Southwire Lightning Retardant Cable helps protect revenue and cuts maintenance costs

Airports only make money when planes can land. That makes it expensive to shut down a runway because lightning has damaged a lighting circuit. Lightning Retardant Cable (LRC) available from Southwire helps protect airport revenue by guarding buried cable runs against lightning damage.

“Lightning Retardant Cable uses an advanced shielding system to dramatically reduce the susceptibility of buried 5kV circuits to lightning strikes,” says Brian Sides, industrial sales manager for Southwire’s Southeast Region. “LRC cuts cable maintenance costs in high-lightning areas, and it also reduces day-to-day radiated electromagnetic interference from SCR-controlled lighting circuits.”

Direct hits and near misses are all costly

Buried conductors around a runway – or in any open space – can be attractive targets for lightning. Individual airports in a high-lightning areas report as many as 40 strikes in one week, and one direct hit can take out an entire circuit. Even near misses generate energy peaks that can leave thousands of pinholes in the insulation of traditionally shielded cable. The pinholes let in conductive ground water that eventually causes outages – and expensive cable replacement operations.

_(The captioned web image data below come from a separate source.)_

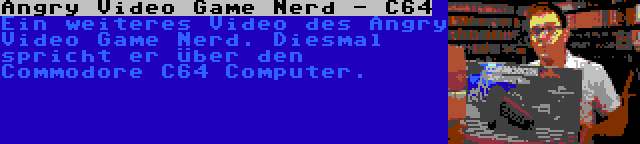 Angry Video Game Nerd - C64 | Ein weiteres Video des Angry Video Game Nerd. Diesmal spricht er über den Commodore C64 Computer.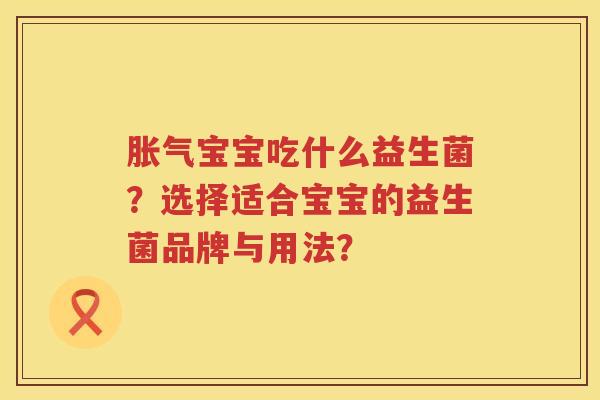 宝宝吃什么益生菌？选择适合宝宝的益生菌品牌与用法？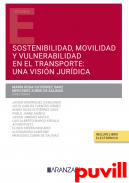 Sostenibilidad, movilidad y vulnerabilidad en el transporte : una visin jurdica
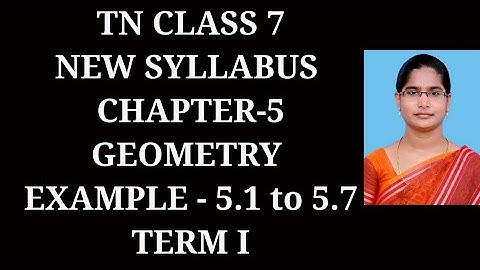 7th Maths T-1 Ch-5 Geometry | Example 5.1 to 5.7 | Samacheer One plus One channel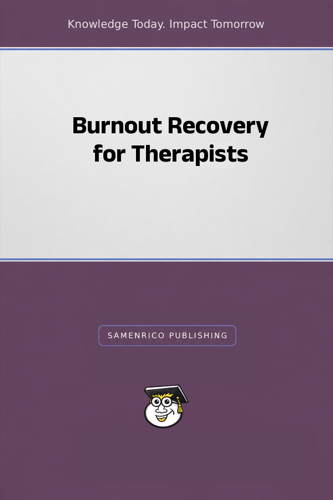 Burnout Recovery for Therapists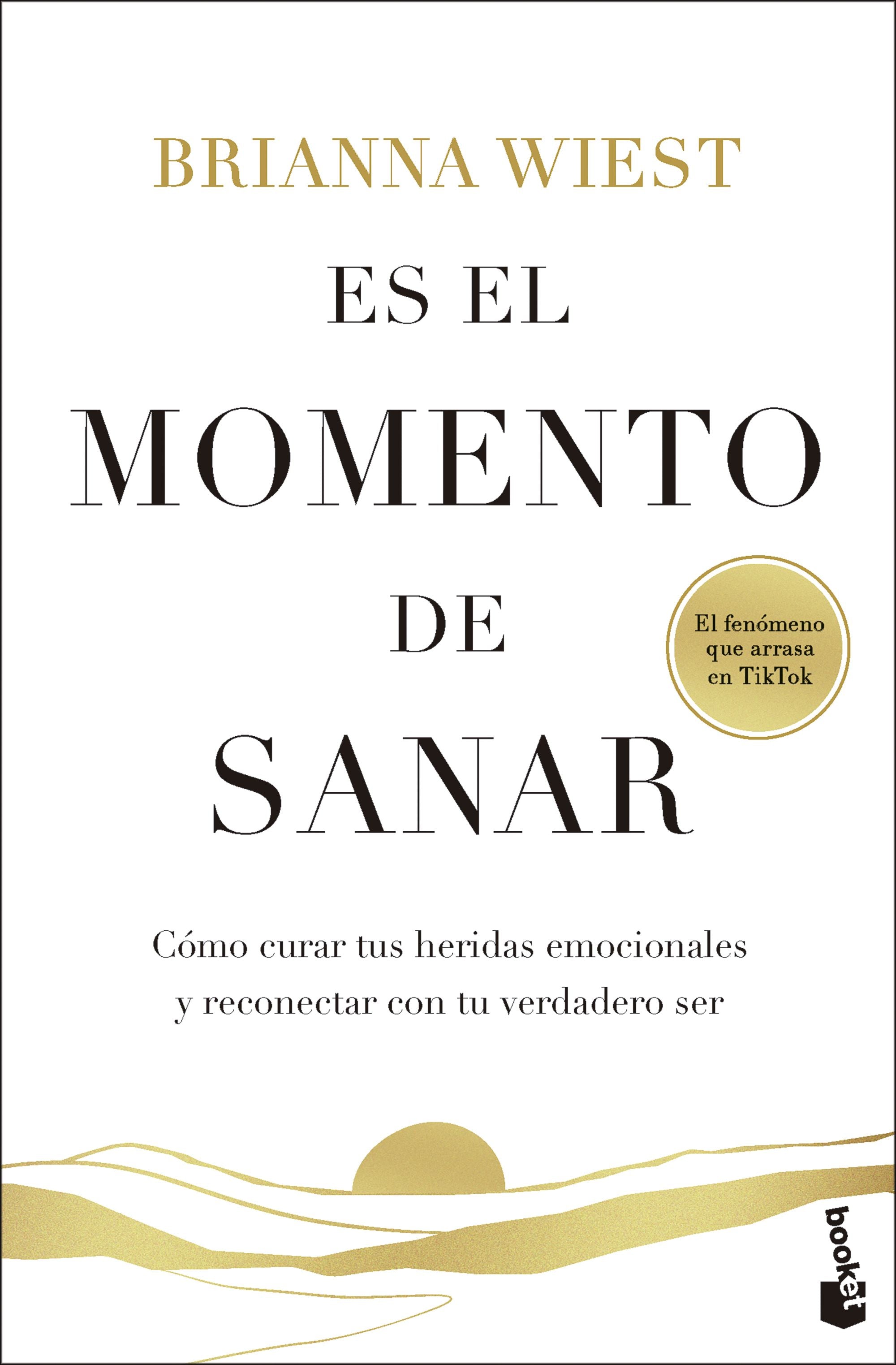 Es el momento de sanar: Cómo curar tus heridas emocionales y reconectar con tu verdadero ser. Brianna Wiest (Booket) 9788408316817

High-impedance ground path yields high reliability

“Lightning Retardant Cable from Southwire uses a unique shielding system that boosts reliability by limiting lightning-induced current flow,” says Sides.

In LRC, a helically wrapped metallic tape shield with insulation between the layers creates a high-inductance ground circuit. The tape offers a high-impedance path to ground for short rise-time lighting surges, but still protects the cable from fault currents. The result is higher reliability and dramatically reduced maintenance costs in lighting systems for taxiways and runways. The LRC design meets FAA L-824C specifications for these applications.

“In three years of FAA-sanctioned field tests in Tampa, Florida – site of the highest lightning density in the U.S. – Lightning Retardant Cable delivered 100-percent reliability,” says Sides. “There was no runway downtime due to cable failure.”

Shielding reduces radiated EMI

Constant-current regulators used in airport lighting circuits are possible sources of high-frequency EMI that can interfere with sensitive navigational systems. The unique shielding system on Lightning Retardant Cable also helps to suppress radiated EMI in the cable system.

“LRC is another example of Southwire’s response to customer needs in industrial power cable,” Sides says. “And solutions to specialized needs often find broader applications in the market.”